The question related to whether we need to know the activation function in given layer when we compute back propagation is a little misleading. I chose no, because we need to know the derivative, not the function. However, this was marked incorrect and the explanation was that we need to know the function in order to compute the derivative. Well, that is true. But I was afraid that if I choose “false”, it will be incorrect because during the implementation, you just use the derivative. I feel both true and false are reasonable answers. I hope I make sense :). (It is similar to saying that when you compute activation in layer 6, you need to know the original values X… well, yes and no. Originally yes, but once you have values from layer 5, you do not need X…)

But the point is you need to know what the activation function is in order to know what the derivative of it is, right? They don’t just give you the derivative.
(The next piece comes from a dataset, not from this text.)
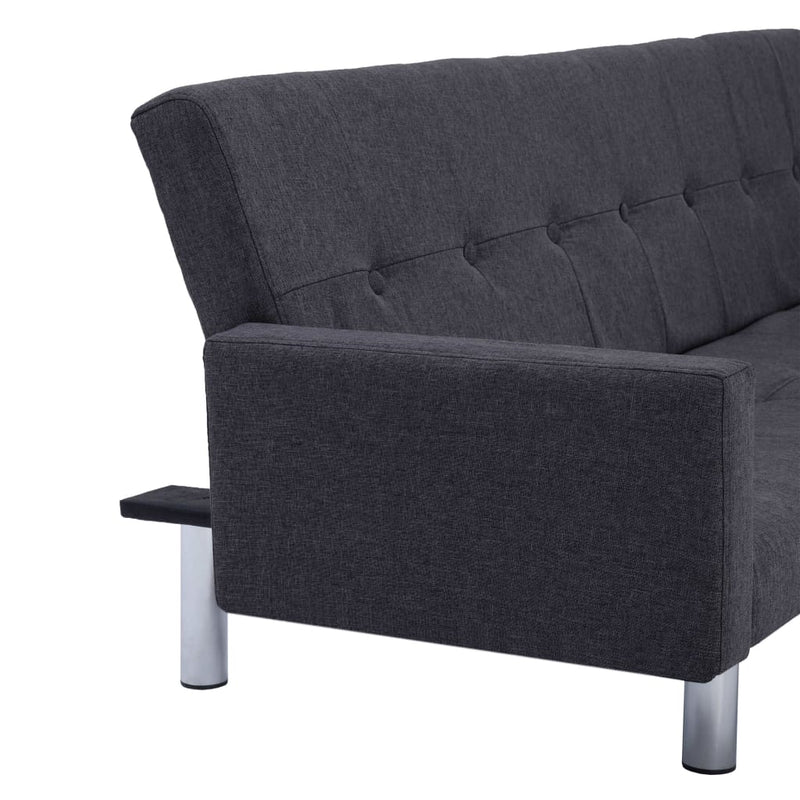 Sofa Bed with Armrest Dark Gray Fabric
You have to write the code to implement it, at least here in DLS Course 1. You saw how that worked in the programming assignment in Week 3. Eventually we’ll graduate to using TensorFlow and it just takes care of all the back prop code “magically”. But this is still Course 1.

Or to put it another way, the point is that we are making a “hyperparameter” choice here when we decide the activation function for a given layer. And that is the choice we make: the activation function. Then that decision has consequences, e.g. we then need to know the derivative of the chosen function in order to implement back prop. That’s the way to think about it: how the choice is made.
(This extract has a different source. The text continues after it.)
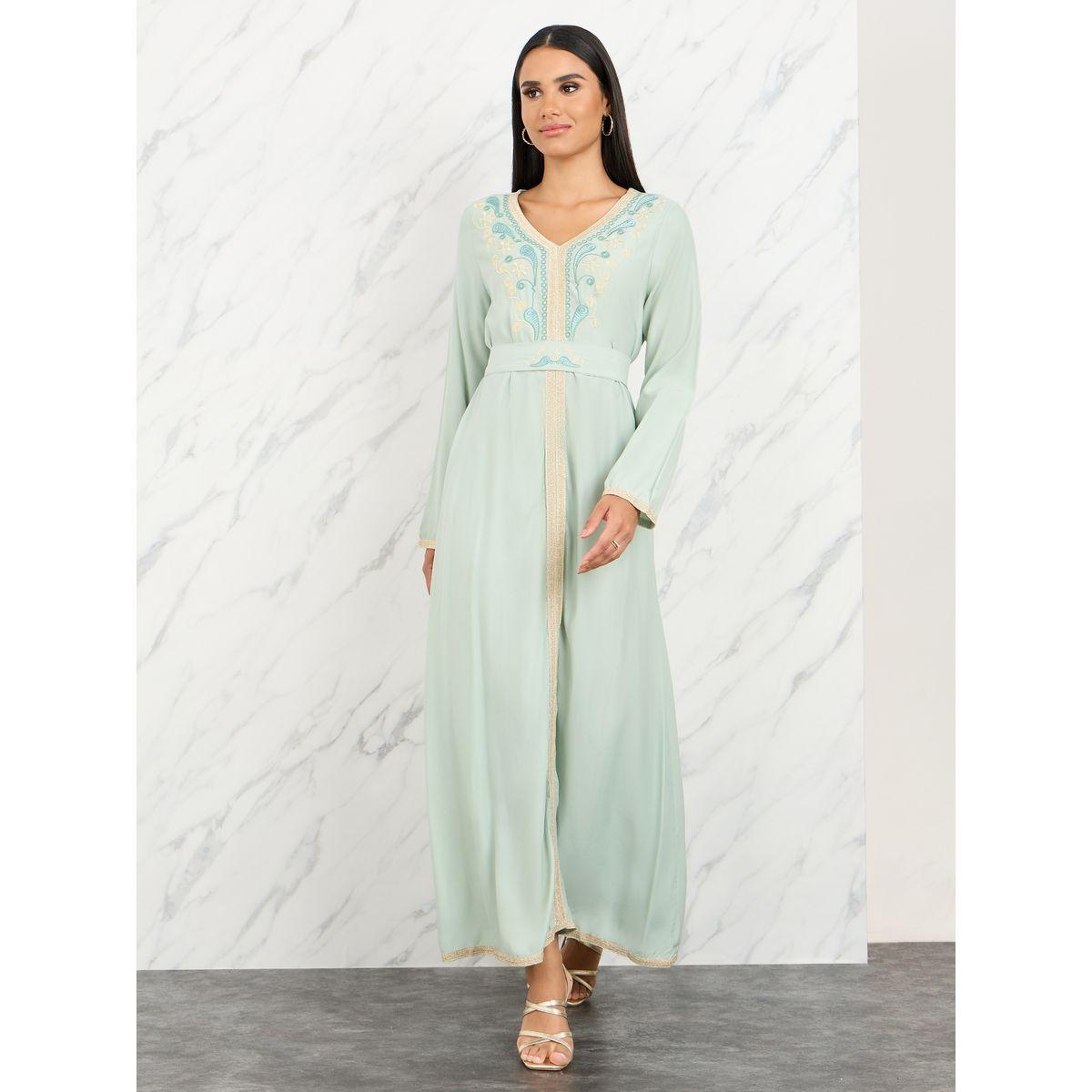 Styli Contrast Embroidered Belted A-Line Maxi Dress-women-clothing-dresses-image-1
Thank you for the answer! You’re absolutely right. It just felt like there’s a catch, you know. I wasn’t sure if I am being tested on whether I know that we use derivative in backward propagation or whether I am being tested on the whole process of knowing how your model (=> activation function) looks like.

Yes, but my interpretation is that it’s not a catch, because both of those interpretations have the same answer. Even if you know that the derivative is involved in back propagation, you still need to know which function you are going to differentiate, right?